EXERCISE DATA:

▬▬▬▬▬▬

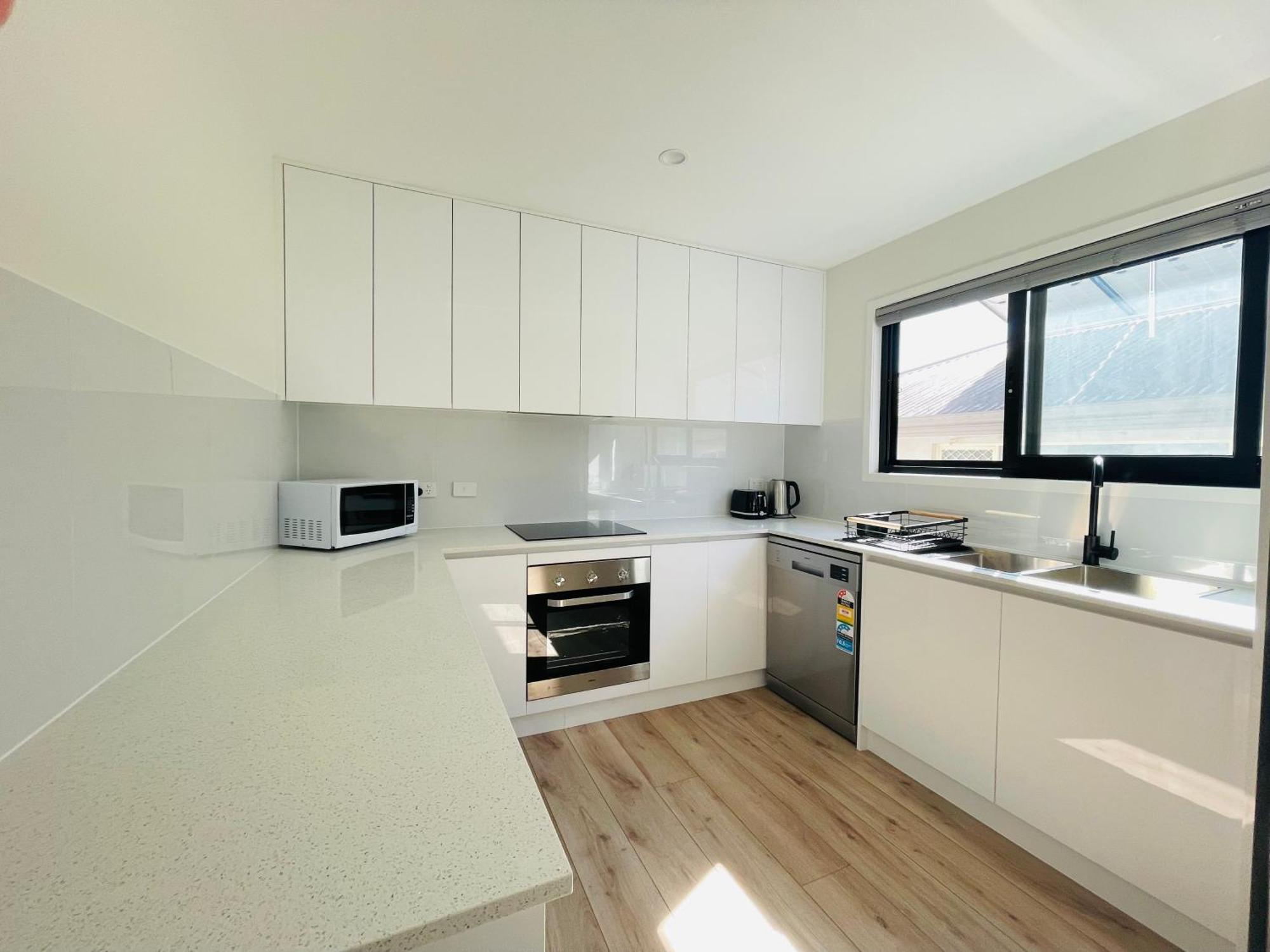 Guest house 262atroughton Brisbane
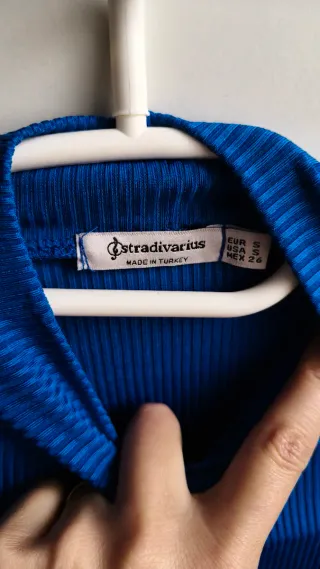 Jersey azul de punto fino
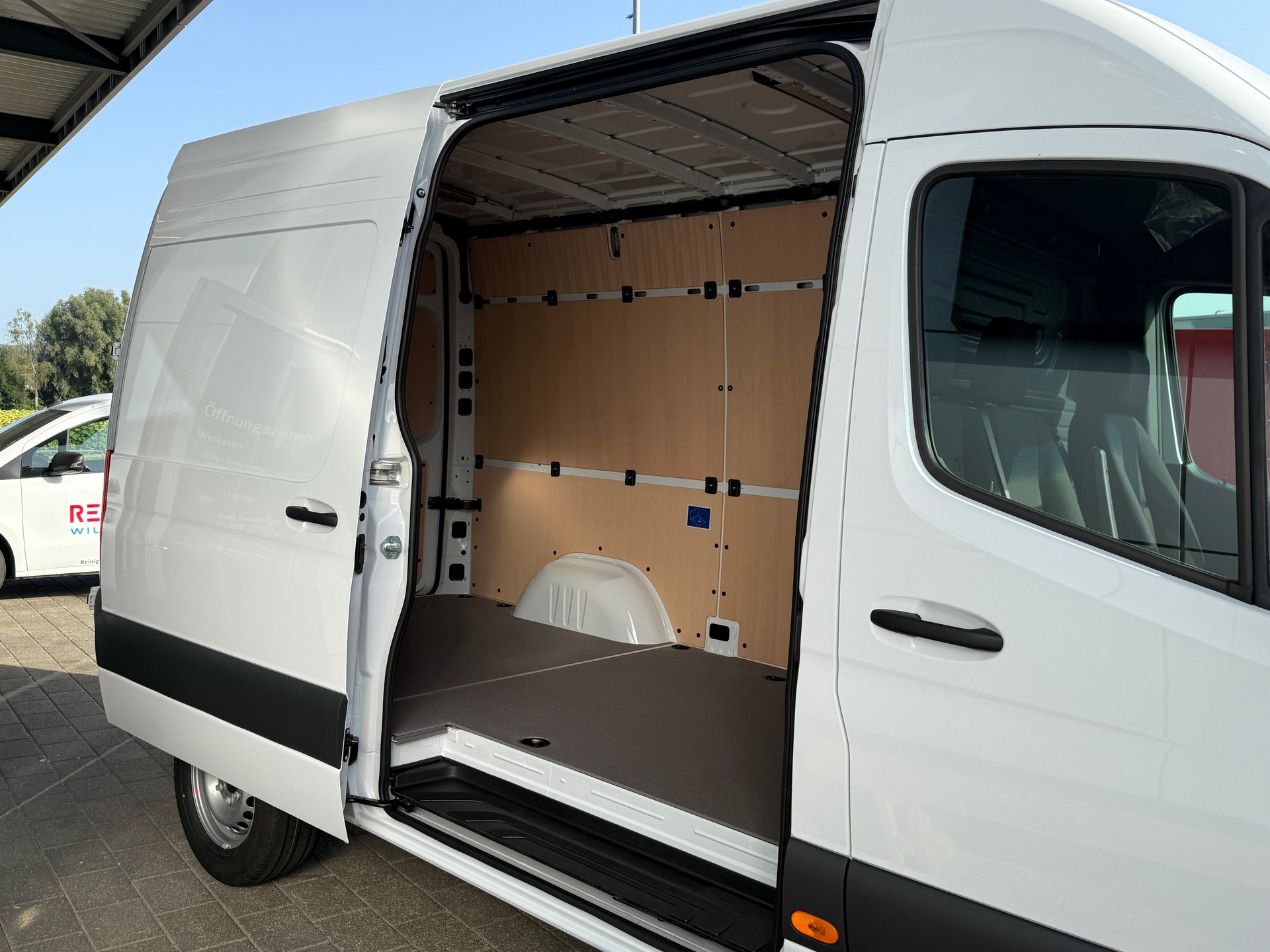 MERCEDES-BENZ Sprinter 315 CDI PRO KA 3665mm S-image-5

▬▬▬▬▬▬

YOUR GOAL: Please retype the data exactly. The pictures do not go in.

OUTPUT:
 Guest house 262atroughton Brisbane
 Jersey azul de punto fino
 MERCEDES-BENZ Sprinter 315 CDI PRO KA 3665mm S-image-5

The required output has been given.